/ Esteban Carlos Mejía
La escritora gringa Patricia Highsmith (Fort Worth, Texas, 1921 – Locarno, Suiza, 1995) era una persona complicada. Peor aún: alguien que la trató con regularidad llegó a decir que era “mala, dura, cruel, indigna de amor”. Adoraba la soledad. Y a los gatos y a los caracoles: tuvo más de 300 en el jardín de su casa en Suffolk, Inglaterra. Decía que su imaginación funcionaba mejor cuando no tenía que hablar con la gente. Escribió cuentos, cómics y más de veinte novelas, entre ellas las cinco dedicadas a su criatura más emblemática: Tom Ripley.
Ripley es un tipo tan raro como su autora: un criminal nato: estafador, falsificador, asesino. Después de sus primeros crímenes, las muertes de Dick Greenleaf y su amigo Freddie Miles en The talented Mr. Ripley (A pleno sol), se instala en Belle Ombre, una hermosa casa en Villeperce-sur-Seine, a unas doce millas de Fontainebleau, al sur de París. Vive allí con Heloise, su hermosa y dulce esposa, quien ignora las fechorías del marido. Cuida el jardín, estudia clavicémbalo, lee The International Herald Tribune, repasa cuentas bancarias, compra obras de arte: una vida feliz y aburguesada, solo martirizada por una incisiva paranoia. No es bisexual, pero parece. Mata por impulso o por necesidad, y se atormenta con latigazos de genuino remordimiento.
Ni policías ni detectives privados pueden con él. En contravía de las novelas policíacas más clásicas, en las que el criminal, por lo general, es descubierto y castigado, Ripley deambula por los territorios de ficción de Patricia Highsmith con una impunidad a veces intolerable, a veces envidiable. En cine lo han encarnado actores tan disímiles como Alain Delon, Matt Damon, Dennis Hopper o John Malkovich, en películas que, a mi juicio, incorporan demasiada acción a unas tramas más propensas al suspenso, al análisis y al misterio. Allá ellos. A mí me pasa que cada vez que leo las aventuras de Ripley, narradas con escrupulosidad y neutralidad por la malgeniada Patricia, siempre acabo en lo mismo: ¿Por qué, en vez de escupirlo y denigrarlo, me identifico con un criminal como Tom Ripley? ¿Qué proyecta él en mí? O, al revés, ¿qué proyecto yo en él? No sé. Y no saberlo me angustia un poco, no lo suficiente, eso sí, para suspender la lectura y tirar el libro. Con sus finos modales, su buen gusto y su malignidad, Tom Ripley anida en mi alma con pernicioso beneplácito. ¡Ay de mí!

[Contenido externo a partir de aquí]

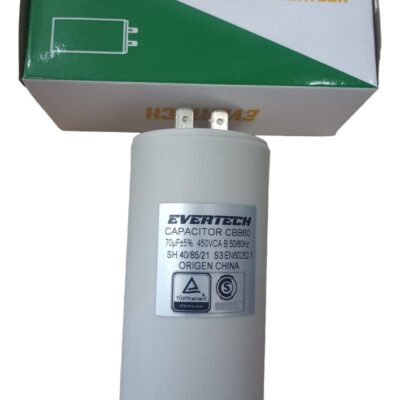 Capacitor 70uf 400v Evertech Ghg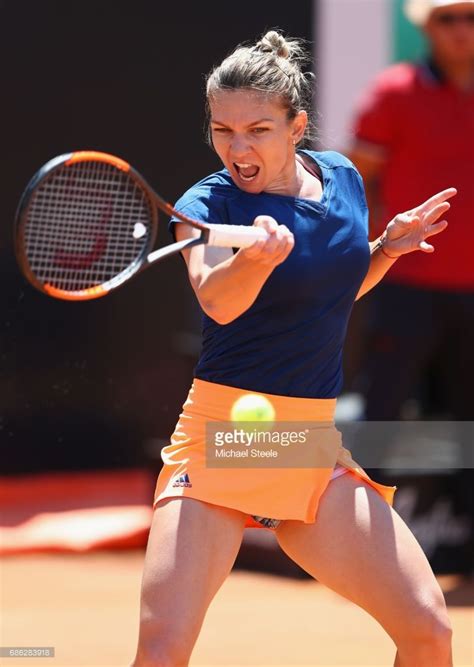 Simona Halep Of Romania In Action During The Women S Final Against Joueuses Tennis Ukraine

* Día tras día. Y esta semana, ¿cuál es la efeméride? El 20 de marzo del año 43 antes de Cristo, nació en Sulmona, Italia, el poeta Publio Ovidio Nasón. Dejó una obra didáctica que, aún hoy, alivia (o desmejora) penas de amor y de deseo: Ars amatoria o El arte de amar, rotundos consejos para enamorar y ser amado. Quizás para que le creyeran, tuvo tres esposas. Pero al emperador César Augusto no le gustaron los versos. ¿Celos? ¿Envidia? ¿Politiquería? Sin mucho trámite lo desterró a Tomis, a orillas del Mar Negro, donde el narizón Ovidio vivió hasta su muerte en el año 18 d. C. Si uno quiere revivir las peripecias de aquel exilio, puede leer Lejos de Roma, entretenida y fina novela de Pablo Montoya Campuzano publicada en 2008.
** Body copy. “Sí, era con los viajes cuando los dulces recuerdos del pasado (y también los más tristes) se agitaban en algún rincón de su quietud inconsciente, y caldeaban la sangre, caldeaban el corazón, caldeaban siquiera algo en aquel frío y ansioso núcleo que inspiraba gran parte de la fiebre norteamericana”
Norman Mailer. Los ejércitos de la noche. New York, 1968.